The whole listing, except its pictures, is to be repeated exactly.

**Data to use:**
=== Begin Enclosure ===
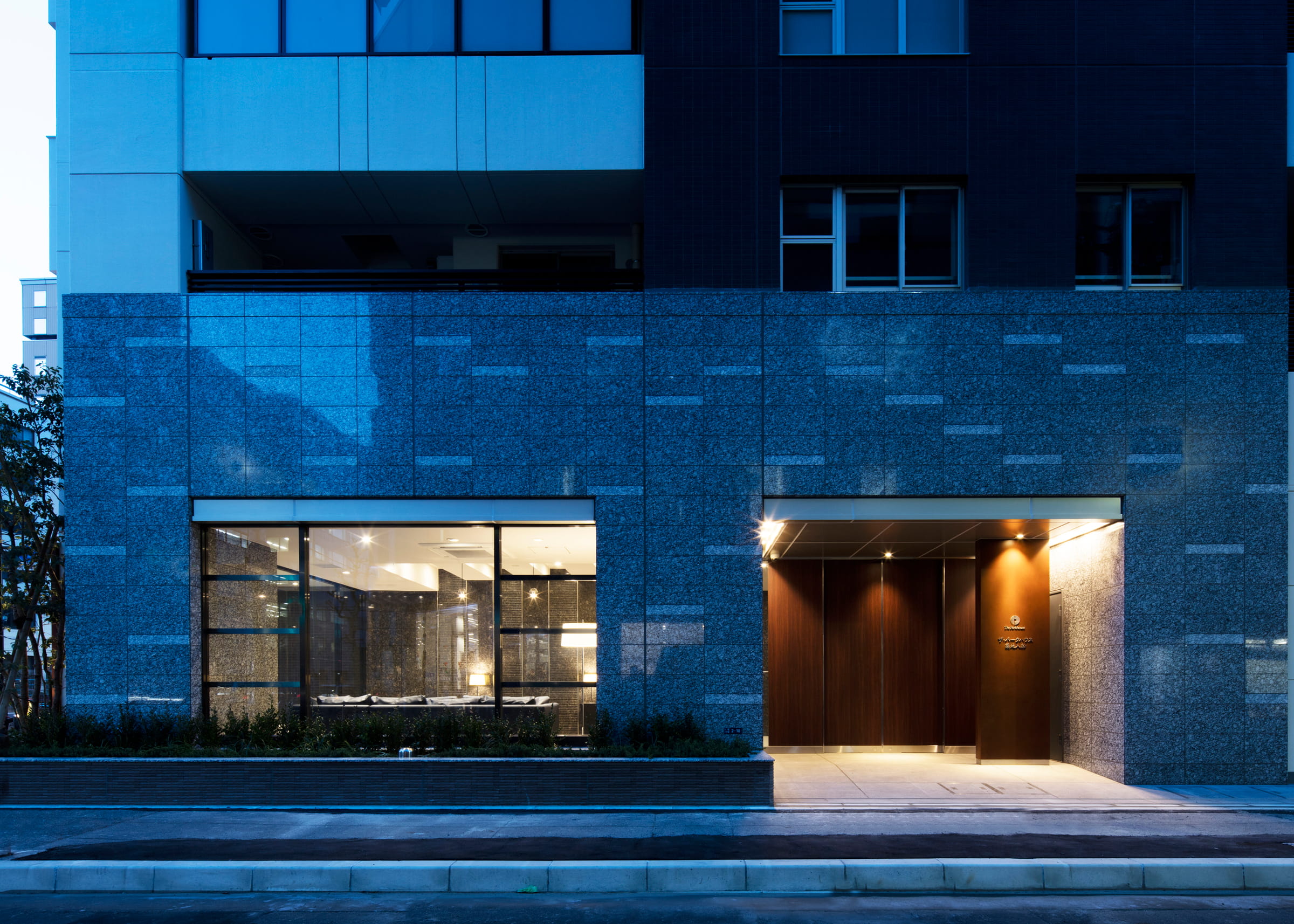 ザ・パークハウス築地入船-h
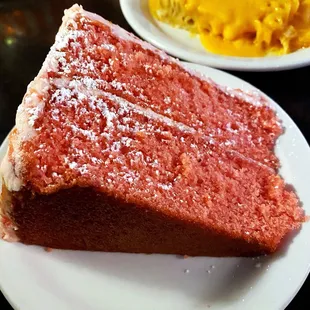 Strawberry Cake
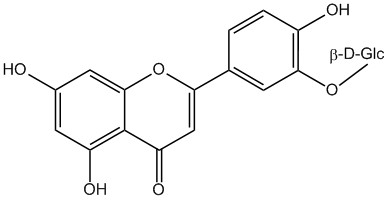 Luteolin-3'-glucosid phyproof® Referenzsubstanz | PhytoLab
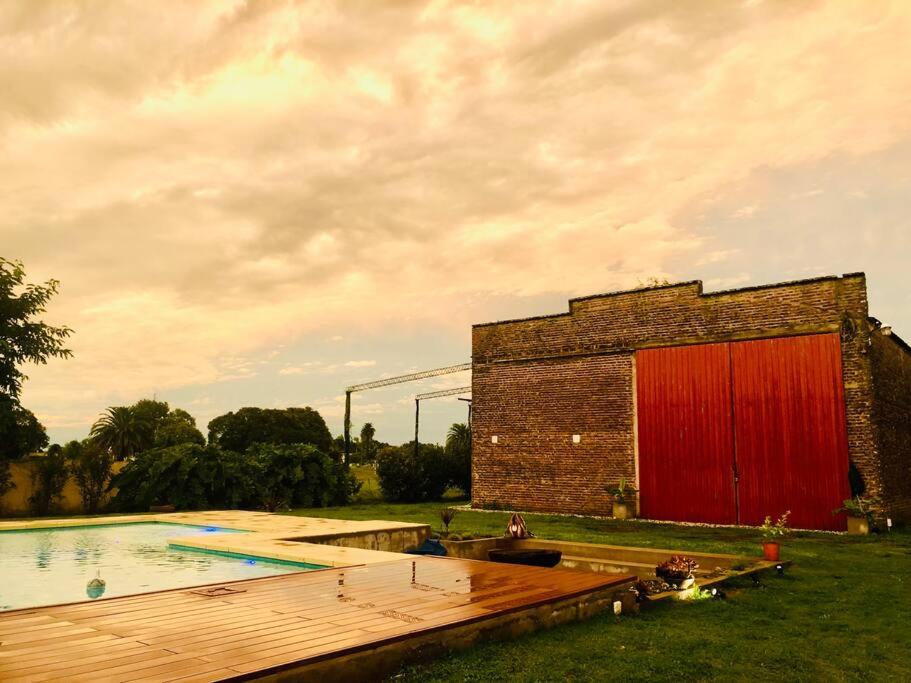 El Galpón de Paraíso - Ferienwohnung El Paraíso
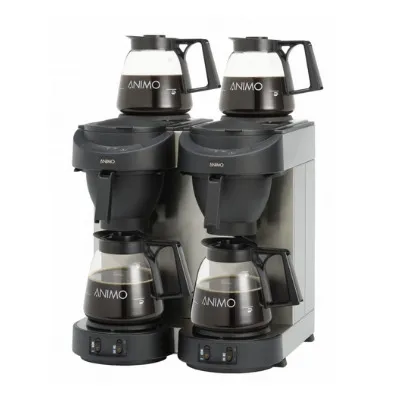 Kohvimasin Double M102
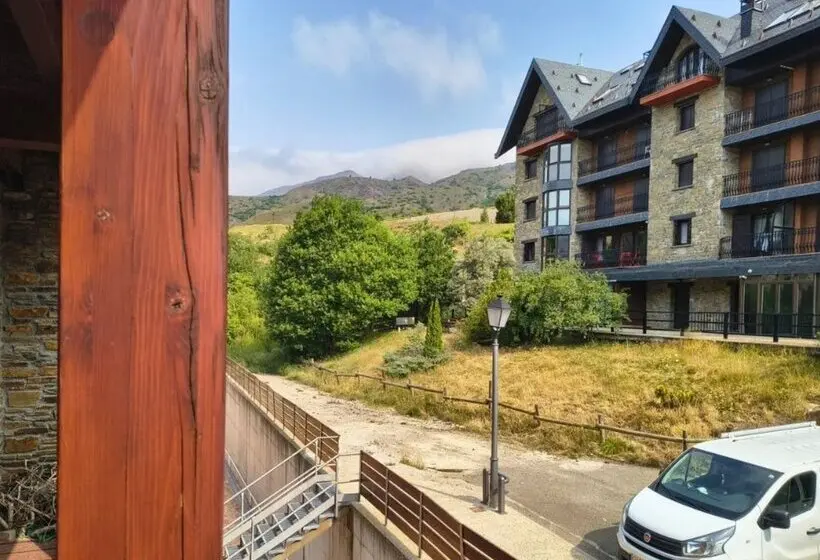 Apartamentos Formigal Estacion 3000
=== End Enclosure ===
**Answer box:**
 ザ・パークハウス築地入船-h
 Strawberry Cake
 Luteolin-3'-glucosid phyproof® Referenzsubstanz | PhytoLab
 El Galpón de Paraíso - Ferienwohnung El Paraíso
 Kohvimasin Double M102
 Apartamentos Formigal Estacion 3000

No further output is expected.